For mutable graphs this is complicated to maintain, but when graphs no longer evolve it can bring significant speedups. Anyway, I'm opening the discussion with Graphs.jl 2.0 in mind
Maybe this could also be implemented without breaking changes, by having a function that calculates the edge rank for an edge. So maybe we do not need to wait for v2.0. Multigraphs might need some separate consideration.
Indeed for SimpleGraphs it is reasonably easy to do.
My only fear is that if we add this to the API and start using it elsewhere (for instance in algorithms), we will need a fallback for custom graph types.
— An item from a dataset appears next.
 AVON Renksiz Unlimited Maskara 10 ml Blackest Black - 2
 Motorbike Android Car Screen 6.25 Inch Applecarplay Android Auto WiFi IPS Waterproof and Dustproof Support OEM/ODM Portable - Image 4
Unfortunately, the only fallback I can think of is something like
function edge_rank(g, s, d)
for (k, e) in enumerate(edges(g))
if src(e) == s && dst(e) == d
return k
end
end
end
which is unbearably slow.
I think that we should avoid working with edge indices as much as possible. They are not inherent to the graph and should be treated as an implementation detail. Any graph algorithm should produce the same result under permutation of these numbers. I take this property “invariant under permutation of the edge list” as a defining characteristic of a graph algorithm.
Giving users access to this information will lead to code that relies on that ordering, which prohibits a large amount of flexibility in implementation and performance optimization. Lazily defined graphs and distributed graphs get a lot harder if you have this additional constraint.
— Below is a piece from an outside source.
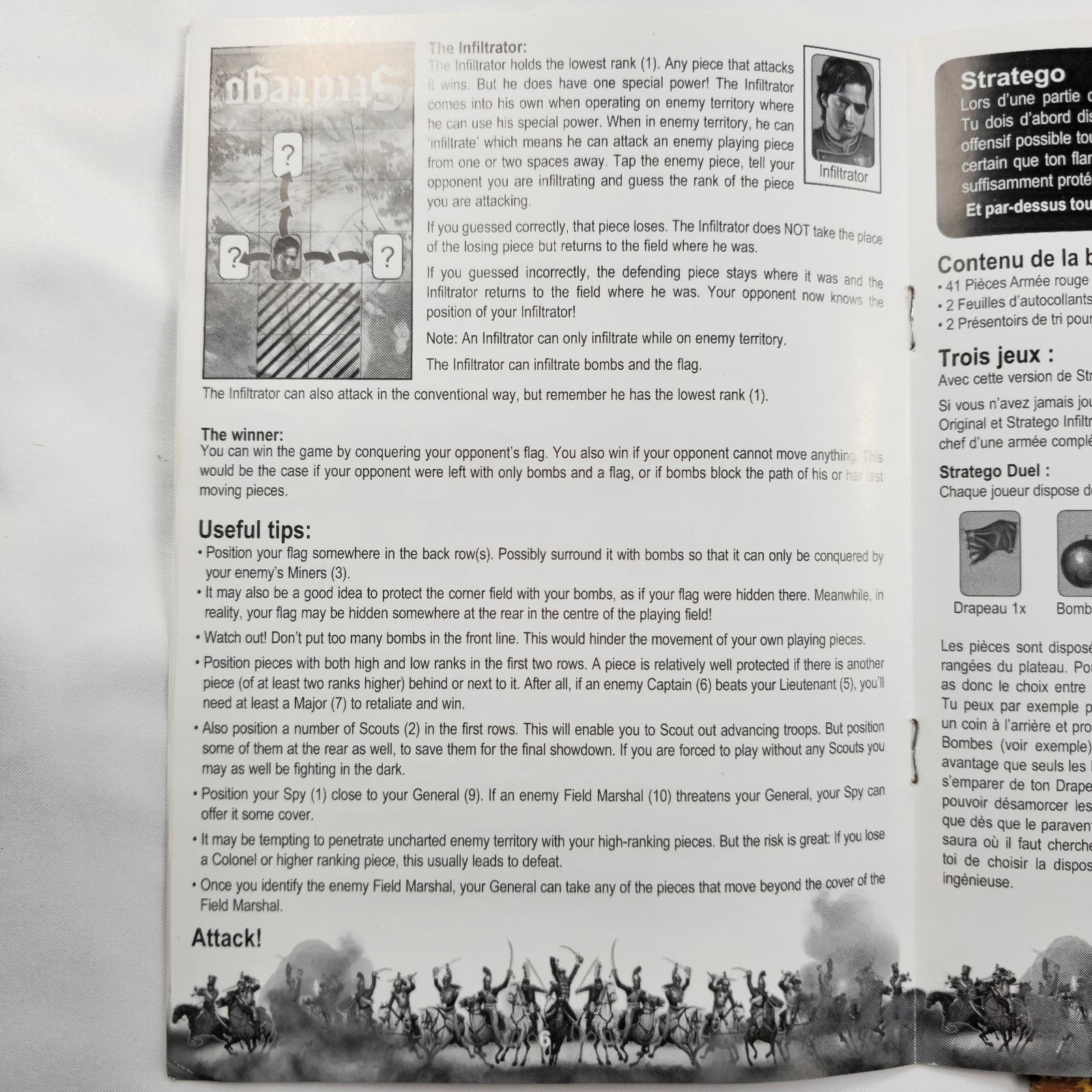 Stratego Original Classic Game of Battlefield Strategy Patch Products Complete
But sometimes you do need that ordering. For instance, in my current research, I use edge weights that are computed by a neural network. That means they are naturally given as a vector rather than a sparse matrix. The same goes for flow capacity constraints or costs.
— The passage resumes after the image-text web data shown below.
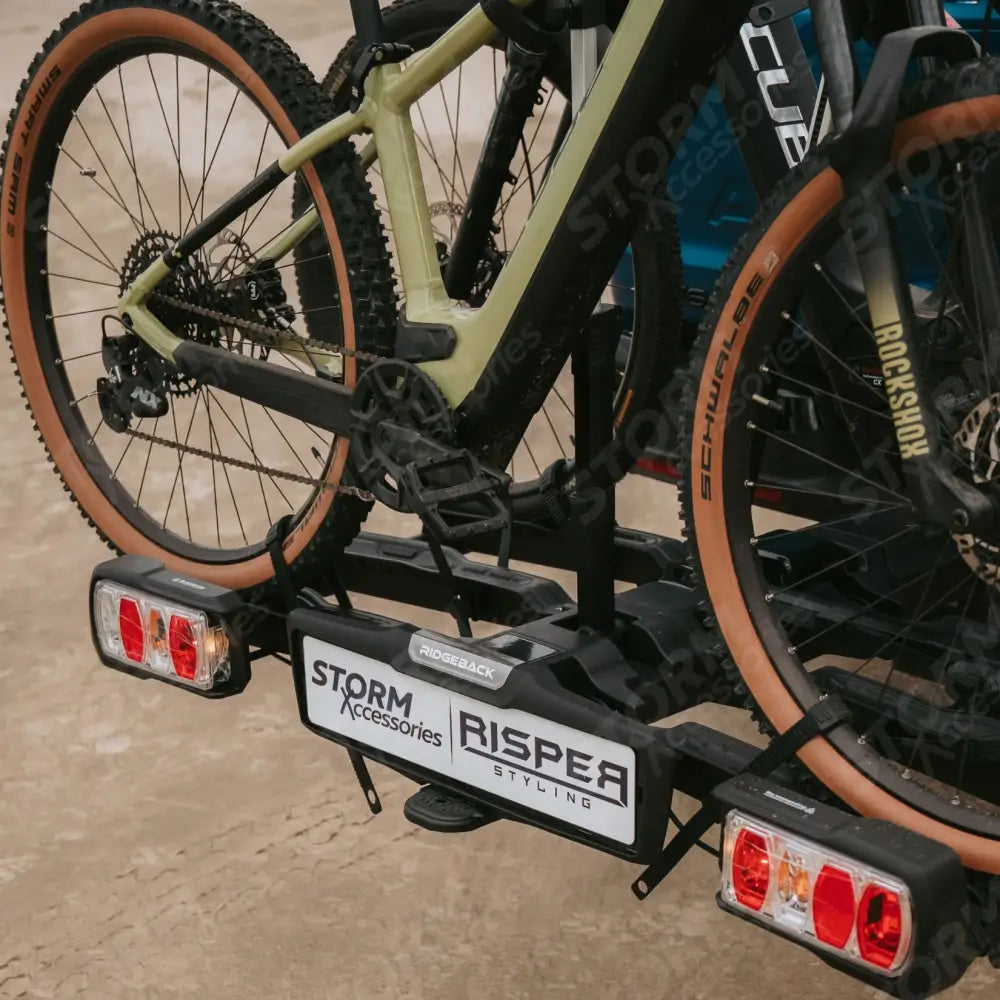 Ridgeback 3-Bike V2 Foldable E-Bike Compatible Towbar Mounted Bike Rack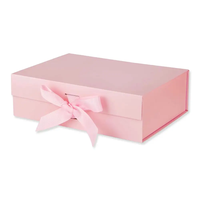 Individuelles Logo Rosa Luxus Magnetische Faltbare Verpackungsbox Magnetverschluss Karton Schuh- und Kleidungsversandboxen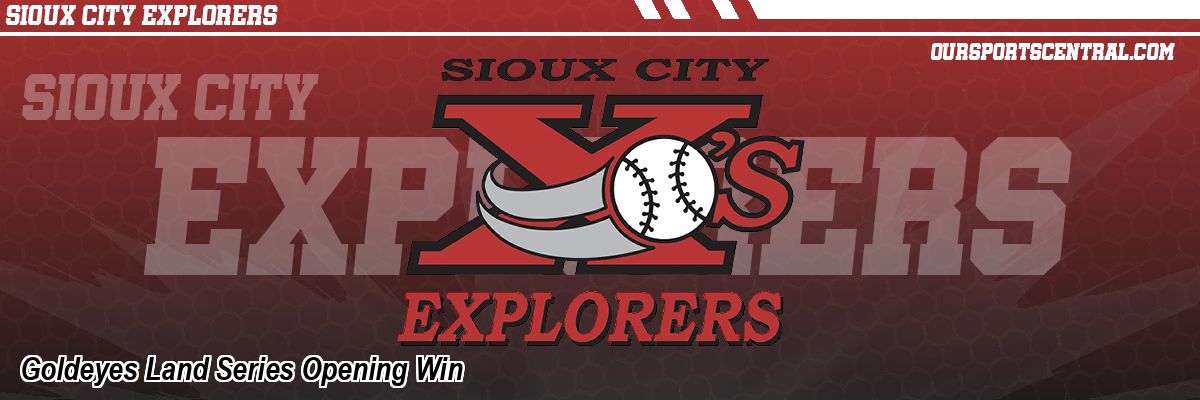 Goldeyes Land Series Opening Win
I'm not saying every Graphs.jl algorithm should use this functionality, maybe none should. But it would be nice to expose it.
I agree with @jpfairbanks, there is not so much use to add it in the API. In most cases, users can just do collect(edges(g)), and build themselves the indices. Moreover, in this proposition of @simonschoelly, isless would give a lexicographical ordering for edges (which is of more general usefulness), and hash would allow to index with edges in a dictionary, which basically do what you propose. Even if its less performant than integer indices, its generally easy to implement, even for lazy graphs.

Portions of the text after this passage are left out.